O adjetivo vai tornando-se ainda mais apropriado com o caminhar da trama, quando um drama e um leve suspense são introduzidos, adicionando uma linha narrativa paralela ao núcleo de Crô, mais parecendo parte de um outro filme, e bem diferente. Com direito a abordagem da temática “trabalho escravo” e a participação de atrizes latinas, a história deixa a zona do folhetim perigosamente e arrisca-se por um cinema questionável, seja pelo maniqueísmo extremo, seja pelo dramalhão que instala, fazendo-nos temer, com razão, pelo momento em que se dará o encontro dessas duas linhas narrativas.

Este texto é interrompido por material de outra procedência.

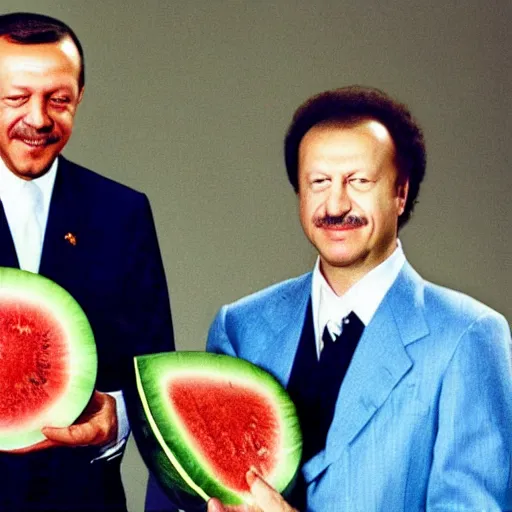 Image similar to recep tayyip erdogan smiling holding watermelon for a 1 9 9 0 s sitcom tv show, studio photograph, portrait c 1 2. 0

E quando ele acontece, percebemos que o pior ainda estava por vir, que as poucas piadas, concentradas basicamente no linguajar de Crô e em toda a sua afetação, cessariam ainda mais. Elas dão lugar a uma ação digna de episódios da “Turma do Didi”, com direito a bastão para bater nas cabeças do inimigos e brigas no chão pela arma que insiste em escapar das mãos dos personagens. Mais triste é perceber que o mise-en-scène foi dirigido por Bruno Barreto, um dos mais renomados de nossos diretores. Ver seu nome durante os créditos finais, enquanto uma historinha animada tenta entreter as crianças e compensar a demasiada seriedade da trama, é de fazer colocar as duas mãos na cabeça.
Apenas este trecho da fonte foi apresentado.